Four Network Express modules NEMs are also connected to the blade servers through the midplane 605. NEM-1615 is connected to each Blade server module 601-603. Similarly, NEM-4617 is connected to each Blade server module 601-603. The configuration shown allows each NEM to be shared by all the blade server modules on the computer system chassis. The NEM-1615 includes a PCI Express IOV fabric 619 and two Express modules 621 and 622. The root complexes of the Blade servers 601-603 access the virtual I/O functions of Express modules 621 and 622 of the NEM-1 via the PCI Express IOV fabric 619. Similarly, NEM-4617 also includes a PCI Express IOV fabric 625 and two Express modules 627 and 629.

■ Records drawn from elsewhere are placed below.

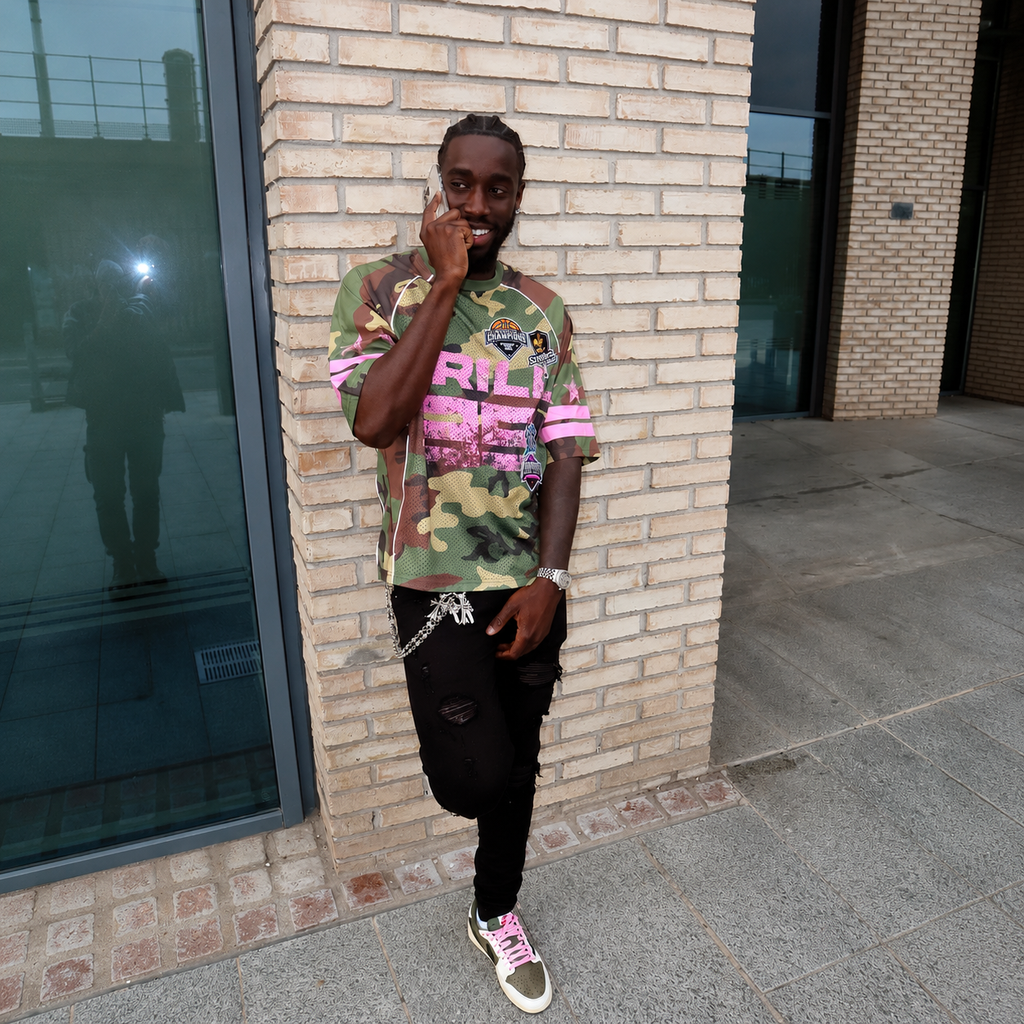 TRILL Championships “Camo Rosé” Jersey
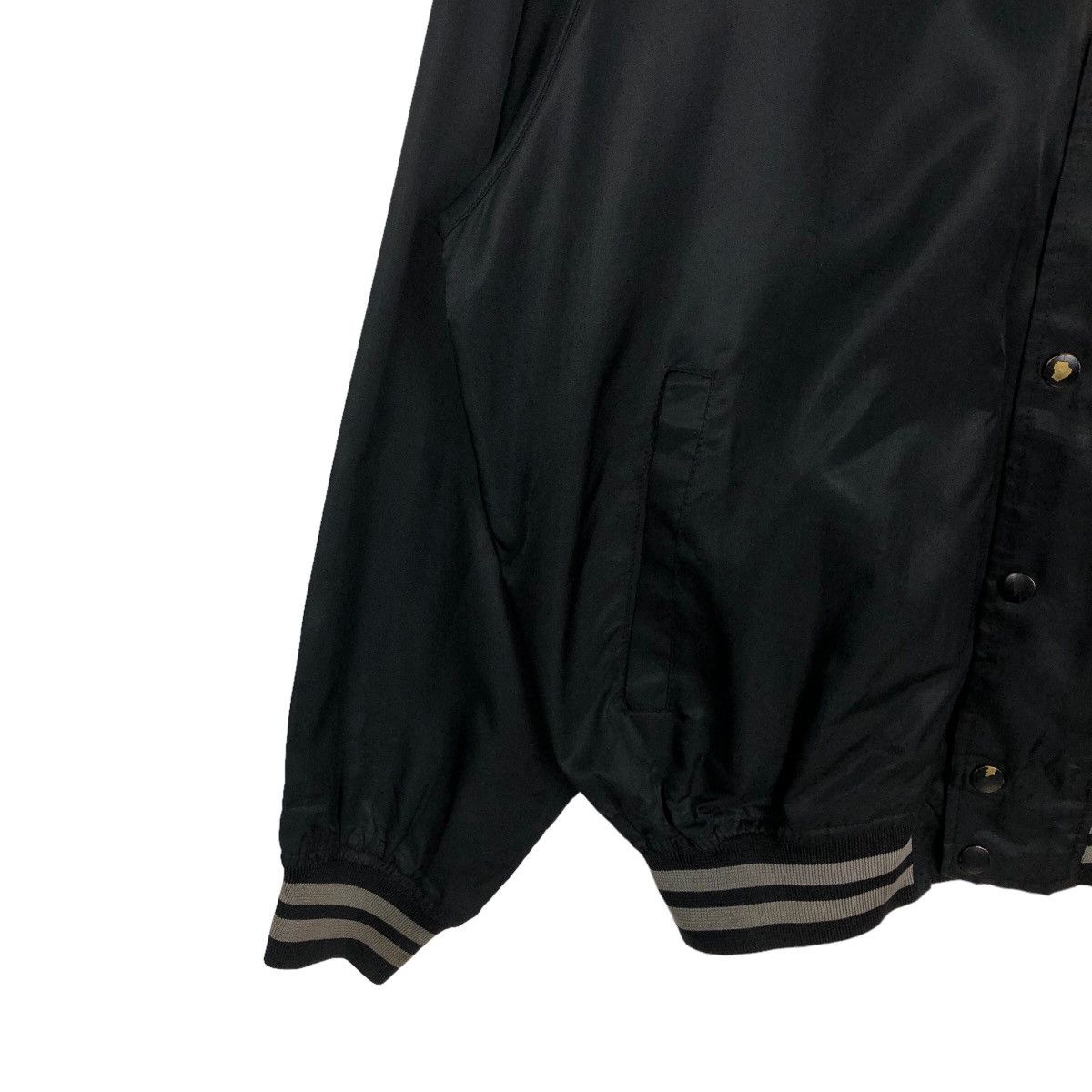 Japanese Brand VINTAGE SATIN BOMBER JACKET SUNTORY COFFEE BIG LOGO Size US M / EU 48-50 / 2 - 3 Thumbnail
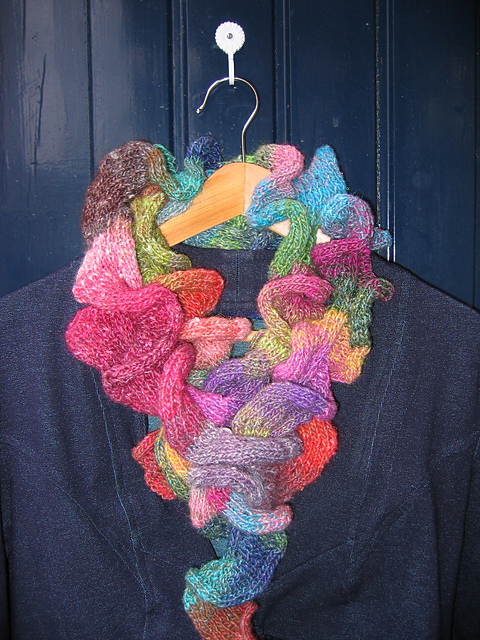 Wokkelsjaal Ruffle Scarf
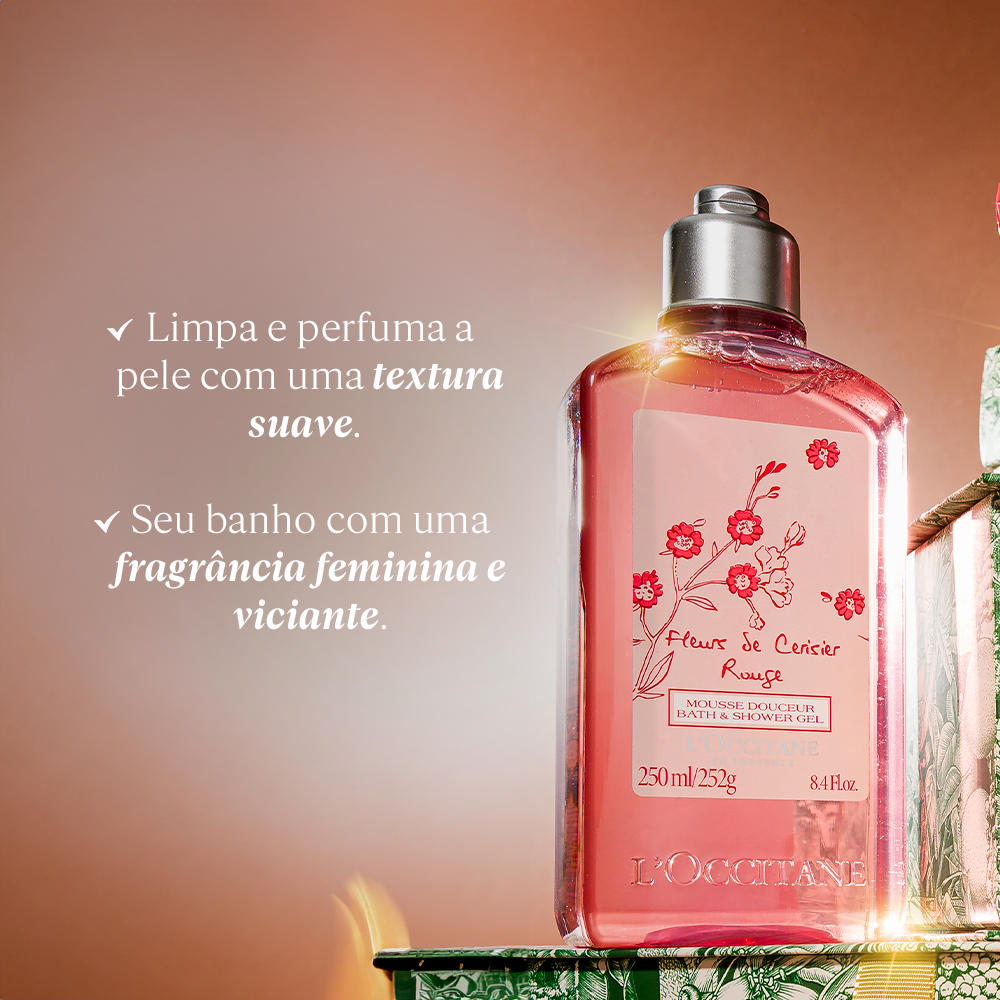 Sabonete Líquido Corporal Flor de Cerejeira Rouge 75ml, , large image number 1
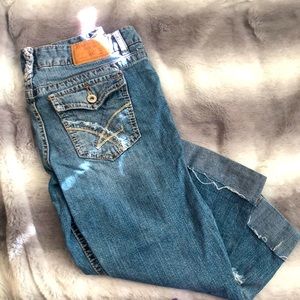 Amethyst Jean capris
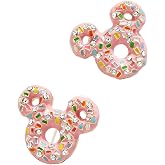 BaubleBar - Disney Mickey Mouse Donut Stud Earrings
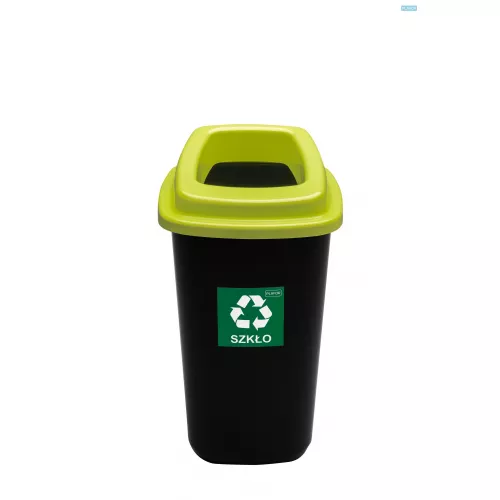 Odpadkový kôš SORT 28 L, zelený
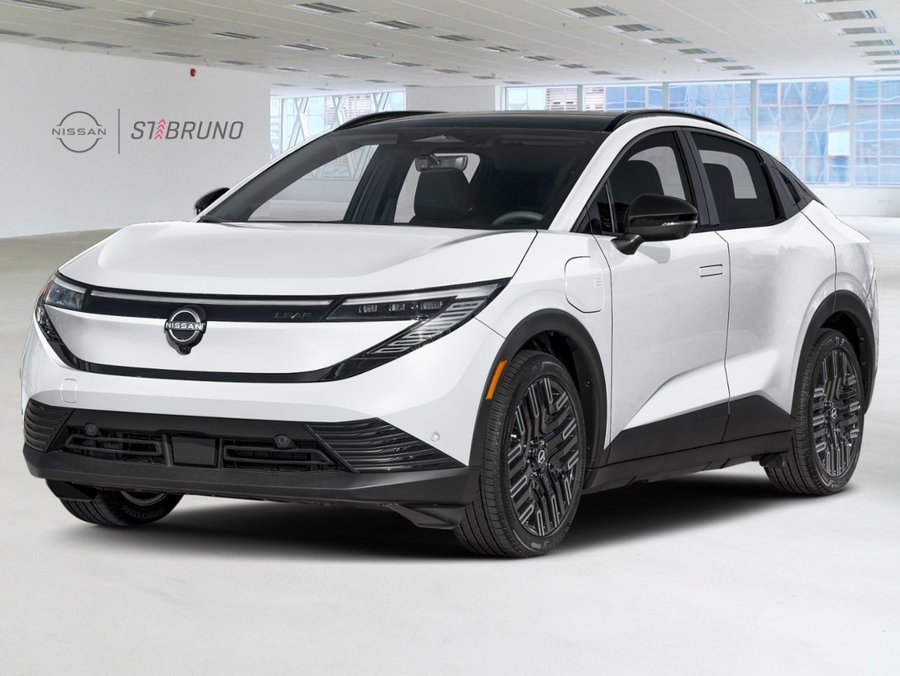 2026 Nissan LEAF 2026 Everest White Pearl Tricoat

Advantages of the present invention may include one or more of the following. In one or more embodiments of the present invention, resources of a physical I/O device are shared by multiple servers using I/O virtualization. Each of the servers may have multiple operating systems running different applications. This configuration allows full utilization of the resources of the physical I/O device-reducing operating costs and increasing efficiency.
In one or more embodiments of the present invention, blade server modules share physical I/O devices in industry standard form factors using I/O virtualization. The modular design allows for higher computing density by providing more processing power per rack unit than that with conventional rack-mount systems; allows increased serviceability and availability by featuring shared common system components such as power, cooling, and I/O interconnects; allows reduced complexity through fewer required components, cable and component aggregation, and consolidated management; allows lower costs by providing ease of serviceability and low acquisition costs.
The industry standard form factor eliminates the disadvantages associated with being locked on to a single vendor. The user is no longer limited by a single vendor's innovation. The ability to use I/O devices from several vendors drives costs lower and at the same time increases availability. The industry standard form factor, along with modular design, provides greater efficiency and lower operation costs to the end user.
While the invention has been described with respect to a limited number of embodiments, those skilled in the art, having benefit of this disclosure, will appreciate that other embodiments can be devised which do not depart from the scope of the invention as disclosed herein. Accordingly, the scope of the invention should be limited only by the attached claims.